Divorce is often a sad thing, as the husband and wife who once pledged to love and honor each other forever find themselves acrimoniously parting. Yet, despite whatever hard feelings they may have about each other, they need to do everything they can to make the divorce as constructive as possible for their children. Family law provides many opportunities for divorced parents to be mature enough to work together and put their children’s best interests first.
One way to do that is by minimizing conflict with your ex. First and foremost, avoid conflict in front of the children. Arguing in front of them makes the children feel like they have to take sides with one parent and against the other when they love both. Arguing in front of the children can also make the children feel like life is unstable, and that is the exact opposite of how parents should make their children feel.

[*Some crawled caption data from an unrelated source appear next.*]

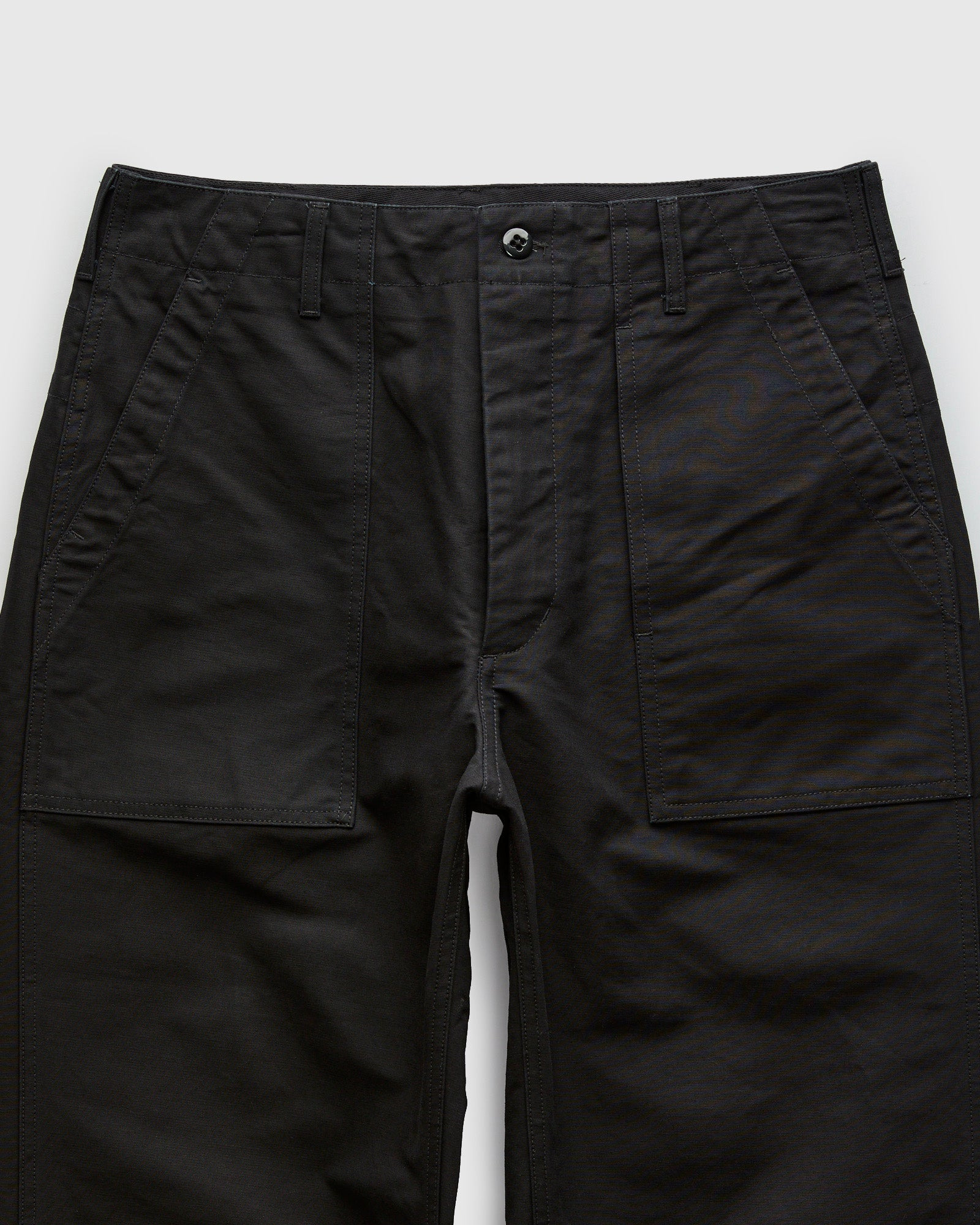 Fatigue Pants in Black Cotton Double Cloth - 4
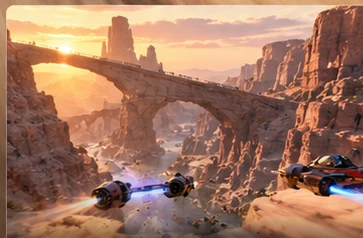 Racers flying over an expansive desert canyon at sunset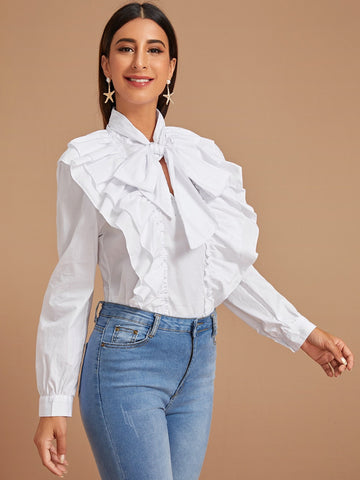Ruffle Trim Tie Neck Blouse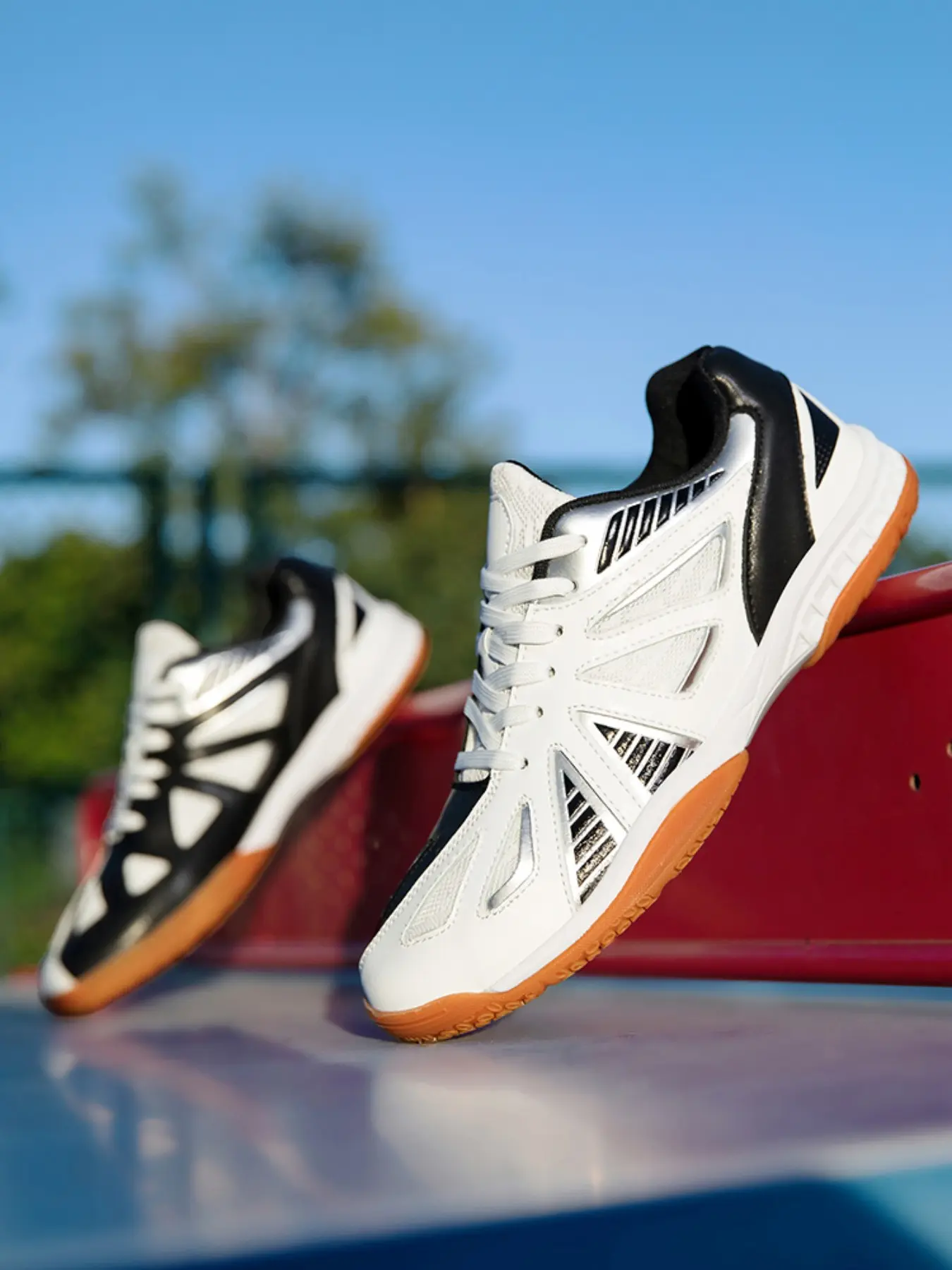 Vintage Colorblock Unisex Badminton Shoes, Durable Multifunctional Design, Breathable Mesh, Anti-Slip, Shock Absorption, Ideal for Sports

Additionally, divorcing parents should understand that transitions are always a source of stress for children. That stress can be minimized by letting them know in advance about when they’ll be with each parent and what their schedule will be like. Making sure that they have familiar comfort items at the homes of each parent will also help, as will giving them fun things to look forward to with each parent.
Finally, maintain your own capacity to make things good for your children by taking care of your own health and well-being. By staying healthy and organized, you will be in good shape to address the challenges that your children deal with due to the divorce. Remember to talk with them often, find out their concerns, and help them to feel good about life with each parent after the divorce.